How to Use Coffee To Dye Your Sneakers
Every product is carefully selected by our editors. If you buy from a link, we may earn a commission.
Sneakers soaked in espresso, coming right up.
Imagine this: You're seated in your favorite coffee shop. Someone walks up to you, looks you in the eye, and pours their entire medium-size drip coffee on your sneakers. You'd be upset, right? Now imagine paying for a pair of brand new sneakers, ordering your own coffee and then giving them the same treatment. Sneaker customizers on Instagram started doing it, and, now, many are following along.
Meet Jake Polino, for example, who goes by @jakepolino on Instagram (265,000 followers) and TikTok (2.1 million followers) and just Jake Polino on YouTube (355,000 followers). He's made 12 videos about dying his kicks with coffee, amassing more than 200 million views across all of his channels. In them, he customizes mostly Air Force 1s, a shoe, it seems, is easier to dye than others. Its most popular colorway, for one, is all-white, an ideal starting place.
Here's the short version
For a little more detail, watch the master at work:
Tutorial on the coffee dye AF1 #shoes #custom #kicks #diy #sneakerhead #coffee #tutorial
"Are you sick of this? I am definitely sick of this," Polino says at the start of a video he posted at the end of 2021. "I made one Air Force with coffee, it gets 30 million views and now everybody and their mother wants a pair of coffee Air Forces. I've done these too many times... I haven't been anything I want to do. People are just like, 'Make me coffee shoes! Make me coffee shoes!' I've been doing coffee shoes every day for like a month."
And he makes it look easy. Early on in his videos, he showcased just how messy the process can be, but that with the right amount of Cafe Bustelo, you could turn a standard pair of white Air Forces 1s into light tan vintage-tinged designer footwear. He sells his in limited quantities, but he hasn't kept his recipe too hush-hush. It's revealed over and over again, in nearly every video.
"First, you have to acetone everything — the leather and the rubber. Make sure it's as even as possible," he says in a video titled OFFICIAL COFFEE AIR FORCE 1 TUTORIAL. Don't do this without removing the sneaker's laces first. Acetone is the stripping compound in nail polish remover, but nail polish remover is rarely ever more than 60 percent acetone. Acetone, on the other hand, is 100 percent acetone.
It's strong, smelly and a little dangerous. When you rub it on your sneakers, do it by an open window and with the laces removed. Don't rub for too long, though. If overexposed, the materials on your sneaker could start to break down, ruining your dye project before it even begins.

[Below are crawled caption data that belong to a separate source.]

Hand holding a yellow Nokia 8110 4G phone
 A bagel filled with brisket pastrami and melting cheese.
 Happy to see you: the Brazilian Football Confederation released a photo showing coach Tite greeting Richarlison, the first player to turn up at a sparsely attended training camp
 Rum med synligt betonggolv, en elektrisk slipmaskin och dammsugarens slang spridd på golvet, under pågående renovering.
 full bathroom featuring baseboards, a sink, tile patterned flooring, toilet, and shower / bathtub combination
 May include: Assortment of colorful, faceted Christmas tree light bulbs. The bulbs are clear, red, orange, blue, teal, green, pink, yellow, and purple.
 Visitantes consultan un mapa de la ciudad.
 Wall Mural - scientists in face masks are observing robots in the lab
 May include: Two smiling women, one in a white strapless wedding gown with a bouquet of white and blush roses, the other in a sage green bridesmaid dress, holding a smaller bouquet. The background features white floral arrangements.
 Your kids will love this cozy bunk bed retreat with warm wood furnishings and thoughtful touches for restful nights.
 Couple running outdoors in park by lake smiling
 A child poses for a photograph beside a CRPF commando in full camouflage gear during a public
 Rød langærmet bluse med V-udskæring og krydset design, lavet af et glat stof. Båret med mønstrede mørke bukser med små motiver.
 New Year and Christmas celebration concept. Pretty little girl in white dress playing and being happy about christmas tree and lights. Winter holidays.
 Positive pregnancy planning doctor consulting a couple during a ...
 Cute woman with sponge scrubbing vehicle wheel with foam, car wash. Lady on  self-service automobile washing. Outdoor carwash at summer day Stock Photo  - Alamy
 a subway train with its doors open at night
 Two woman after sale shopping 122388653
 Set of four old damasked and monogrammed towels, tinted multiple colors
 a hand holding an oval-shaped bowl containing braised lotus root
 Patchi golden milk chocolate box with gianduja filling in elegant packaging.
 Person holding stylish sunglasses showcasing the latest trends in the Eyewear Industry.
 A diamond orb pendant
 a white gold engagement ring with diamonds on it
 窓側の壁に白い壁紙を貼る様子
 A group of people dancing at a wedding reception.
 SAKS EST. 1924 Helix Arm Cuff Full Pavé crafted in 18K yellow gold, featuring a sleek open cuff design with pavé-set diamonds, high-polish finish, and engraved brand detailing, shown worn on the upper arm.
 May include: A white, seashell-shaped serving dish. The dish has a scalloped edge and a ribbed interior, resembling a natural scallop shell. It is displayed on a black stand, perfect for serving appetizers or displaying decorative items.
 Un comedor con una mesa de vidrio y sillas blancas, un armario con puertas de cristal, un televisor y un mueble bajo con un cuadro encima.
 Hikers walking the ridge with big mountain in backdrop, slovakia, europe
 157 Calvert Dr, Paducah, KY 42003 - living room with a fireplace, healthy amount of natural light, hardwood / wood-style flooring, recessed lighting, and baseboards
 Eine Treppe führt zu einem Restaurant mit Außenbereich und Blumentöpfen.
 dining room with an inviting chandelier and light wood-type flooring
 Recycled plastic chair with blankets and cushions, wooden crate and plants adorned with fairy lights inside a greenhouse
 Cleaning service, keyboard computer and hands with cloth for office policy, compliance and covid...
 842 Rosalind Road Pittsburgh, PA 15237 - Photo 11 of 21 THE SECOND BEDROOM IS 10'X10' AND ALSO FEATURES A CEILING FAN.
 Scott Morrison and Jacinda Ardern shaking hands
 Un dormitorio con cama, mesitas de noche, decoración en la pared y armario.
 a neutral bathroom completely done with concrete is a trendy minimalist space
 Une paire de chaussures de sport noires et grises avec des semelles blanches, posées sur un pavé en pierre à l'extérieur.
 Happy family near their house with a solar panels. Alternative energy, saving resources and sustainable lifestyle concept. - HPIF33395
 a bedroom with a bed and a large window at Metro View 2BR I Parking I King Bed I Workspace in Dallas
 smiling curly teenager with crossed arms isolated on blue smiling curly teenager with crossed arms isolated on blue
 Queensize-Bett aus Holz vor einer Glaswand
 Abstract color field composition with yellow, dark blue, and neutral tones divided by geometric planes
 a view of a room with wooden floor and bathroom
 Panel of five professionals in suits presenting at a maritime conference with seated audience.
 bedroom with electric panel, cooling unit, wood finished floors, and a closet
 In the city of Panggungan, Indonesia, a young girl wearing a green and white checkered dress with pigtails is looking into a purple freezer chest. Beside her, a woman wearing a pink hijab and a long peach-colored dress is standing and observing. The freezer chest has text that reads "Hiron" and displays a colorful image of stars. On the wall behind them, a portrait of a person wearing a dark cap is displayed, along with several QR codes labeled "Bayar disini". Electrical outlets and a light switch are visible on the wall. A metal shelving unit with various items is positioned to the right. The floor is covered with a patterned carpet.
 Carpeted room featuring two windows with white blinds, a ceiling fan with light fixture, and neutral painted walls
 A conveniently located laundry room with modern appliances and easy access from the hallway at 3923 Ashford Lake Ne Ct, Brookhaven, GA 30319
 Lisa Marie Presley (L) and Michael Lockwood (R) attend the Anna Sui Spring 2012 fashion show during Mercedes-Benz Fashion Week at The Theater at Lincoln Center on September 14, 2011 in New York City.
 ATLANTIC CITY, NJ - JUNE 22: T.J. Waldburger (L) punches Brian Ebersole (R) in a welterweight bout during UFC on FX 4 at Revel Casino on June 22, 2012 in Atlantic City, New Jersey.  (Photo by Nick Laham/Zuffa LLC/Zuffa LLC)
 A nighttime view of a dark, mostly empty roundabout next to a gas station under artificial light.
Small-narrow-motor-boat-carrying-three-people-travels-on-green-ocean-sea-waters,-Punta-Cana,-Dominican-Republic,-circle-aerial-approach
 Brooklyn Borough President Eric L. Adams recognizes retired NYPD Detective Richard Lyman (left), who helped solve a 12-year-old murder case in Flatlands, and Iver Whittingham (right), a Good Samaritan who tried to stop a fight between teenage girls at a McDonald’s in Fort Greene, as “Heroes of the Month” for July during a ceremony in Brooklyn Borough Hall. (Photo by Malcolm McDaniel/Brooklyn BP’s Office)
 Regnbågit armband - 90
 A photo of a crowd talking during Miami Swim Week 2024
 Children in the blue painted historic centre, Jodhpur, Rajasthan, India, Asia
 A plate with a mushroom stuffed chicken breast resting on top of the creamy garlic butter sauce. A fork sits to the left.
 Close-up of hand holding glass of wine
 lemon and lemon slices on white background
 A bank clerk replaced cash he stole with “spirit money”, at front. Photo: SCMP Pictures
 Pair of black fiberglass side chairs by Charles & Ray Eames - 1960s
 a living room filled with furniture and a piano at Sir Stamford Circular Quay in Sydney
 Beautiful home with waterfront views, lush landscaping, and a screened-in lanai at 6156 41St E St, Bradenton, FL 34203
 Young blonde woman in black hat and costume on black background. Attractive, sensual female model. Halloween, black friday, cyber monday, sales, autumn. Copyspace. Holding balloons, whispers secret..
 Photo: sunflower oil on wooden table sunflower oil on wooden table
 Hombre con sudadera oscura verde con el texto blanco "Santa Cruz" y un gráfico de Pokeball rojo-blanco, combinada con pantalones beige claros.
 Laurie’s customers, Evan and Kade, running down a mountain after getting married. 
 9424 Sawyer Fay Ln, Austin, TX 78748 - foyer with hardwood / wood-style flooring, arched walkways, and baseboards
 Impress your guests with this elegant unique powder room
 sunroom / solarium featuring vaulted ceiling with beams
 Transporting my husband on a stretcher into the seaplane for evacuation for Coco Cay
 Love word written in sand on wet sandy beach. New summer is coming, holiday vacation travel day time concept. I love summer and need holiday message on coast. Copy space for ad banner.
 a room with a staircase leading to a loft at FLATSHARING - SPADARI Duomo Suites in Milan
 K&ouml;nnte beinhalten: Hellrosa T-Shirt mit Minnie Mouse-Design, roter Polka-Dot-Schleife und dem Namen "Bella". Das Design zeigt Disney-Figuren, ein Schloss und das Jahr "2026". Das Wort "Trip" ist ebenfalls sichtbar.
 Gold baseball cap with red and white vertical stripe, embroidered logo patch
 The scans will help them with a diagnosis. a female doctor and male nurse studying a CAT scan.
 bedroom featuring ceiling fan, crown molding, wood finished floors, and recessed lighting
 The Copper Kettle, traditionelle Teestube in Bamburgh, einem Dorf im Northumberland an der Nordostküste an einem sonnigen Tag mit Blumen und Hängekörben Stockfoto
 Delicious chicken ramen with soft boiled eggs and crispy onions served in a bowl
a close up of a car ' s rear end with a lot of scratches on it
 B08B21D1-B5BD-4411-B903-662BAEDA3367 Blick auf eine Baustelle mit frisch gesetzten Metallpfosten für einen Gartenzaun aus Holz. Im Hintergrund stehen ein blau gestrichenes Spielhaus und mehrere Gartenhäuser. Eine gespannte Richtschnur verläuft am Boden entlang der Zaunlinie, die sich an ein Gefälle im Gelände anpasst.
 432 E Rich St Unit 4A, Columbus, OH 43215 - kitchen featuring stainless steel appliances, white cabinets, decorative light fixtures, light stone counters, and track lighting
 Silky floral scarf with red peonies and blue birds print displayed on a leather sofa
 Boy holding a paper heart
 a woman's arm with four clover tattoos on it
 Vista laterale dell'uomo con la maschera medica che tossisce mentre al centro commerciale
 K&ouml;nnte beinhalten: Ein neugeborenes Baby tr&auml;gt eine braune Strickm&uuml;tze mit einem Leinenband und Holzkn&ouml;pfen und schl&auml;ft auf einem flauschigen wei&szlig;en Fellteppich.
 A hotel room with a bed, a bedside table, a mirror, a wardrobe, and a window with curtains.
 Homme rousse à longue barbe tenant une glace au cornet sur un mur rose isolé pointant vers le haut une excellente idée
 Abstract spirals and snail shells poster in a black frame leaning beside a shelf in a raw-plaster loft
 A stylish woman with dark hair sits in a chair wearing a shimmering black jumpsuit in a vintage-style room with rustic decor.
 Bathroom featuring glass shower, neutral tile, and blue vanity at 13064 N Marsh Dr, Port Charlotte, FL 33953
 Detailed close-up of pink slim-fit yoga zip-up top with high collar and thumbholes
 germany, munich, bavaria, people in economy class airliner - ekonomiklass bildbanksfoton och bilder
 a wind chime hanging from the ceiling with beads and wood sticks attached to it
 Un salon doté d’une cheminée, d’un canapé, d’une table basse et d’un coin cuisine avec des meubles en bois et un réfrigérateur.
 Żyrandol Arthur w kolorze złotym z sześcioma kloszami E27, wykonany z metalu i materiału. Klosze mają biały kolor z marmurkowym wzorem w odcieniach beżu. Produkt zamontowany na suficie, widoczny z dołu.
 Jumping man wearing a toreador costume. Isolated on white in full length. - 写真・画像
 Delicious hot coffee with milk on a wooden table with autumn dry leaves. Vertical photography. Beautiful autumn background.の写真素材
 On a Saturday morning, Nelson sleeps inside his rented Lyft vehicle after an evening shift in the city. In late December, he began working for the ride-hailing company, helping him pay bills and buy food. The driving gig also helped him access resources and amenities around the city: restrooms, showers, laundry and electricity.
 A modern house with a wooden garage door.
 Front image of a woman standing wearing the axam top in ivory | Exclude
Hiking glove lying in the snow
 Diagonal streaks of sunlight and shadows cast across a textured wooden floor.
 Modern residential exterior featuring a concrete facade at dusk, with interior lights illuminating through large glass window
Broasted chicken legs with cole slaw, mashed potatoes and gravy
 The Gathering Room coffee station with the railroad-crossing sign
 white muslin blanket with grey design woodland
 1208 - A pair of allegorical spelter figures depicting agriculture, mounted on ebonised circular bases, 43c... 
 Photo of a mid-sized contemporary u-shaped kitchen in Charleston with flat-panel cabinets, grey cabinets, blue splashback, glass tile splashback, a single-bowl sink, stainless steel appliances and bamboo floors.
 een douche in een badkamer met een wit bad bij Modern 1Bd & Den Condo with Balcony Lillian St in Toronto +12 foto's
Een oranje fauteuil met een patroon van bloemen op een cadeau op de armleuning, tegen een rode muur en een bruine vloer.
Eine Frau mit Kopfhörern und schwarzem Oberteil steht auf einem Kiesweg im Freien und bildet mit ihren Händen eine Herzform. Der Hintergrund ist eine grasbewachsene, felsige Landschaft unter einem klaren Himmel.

Got tired of y’all doing these wrong #shoes #kicks #sneakerhead #custom #diy #tutorial
Next, Polino puts 2.5 cans (25 oz) of Cafe Bustelo into a big tub, which is ideally taller than the sneakers are. Fill it with boiling hot water — coffee-making kind of hot. Next, submerge the sneakers. Polino often uses bricks to weigh his down, which work but rocks would do the job. Or dumbbells. Let the sneakers soak for two hours, and then rinse them off in the sink. Lastly, let them air dry until, well, dry, and re-lace them.
His look good. The student work — aka shoes done by his followers — looks about the same, but those don't come with Polino's signature touch, oversized eyelets laced with natural twine. For now, at least in the comment section, where he sources it from remains a secret.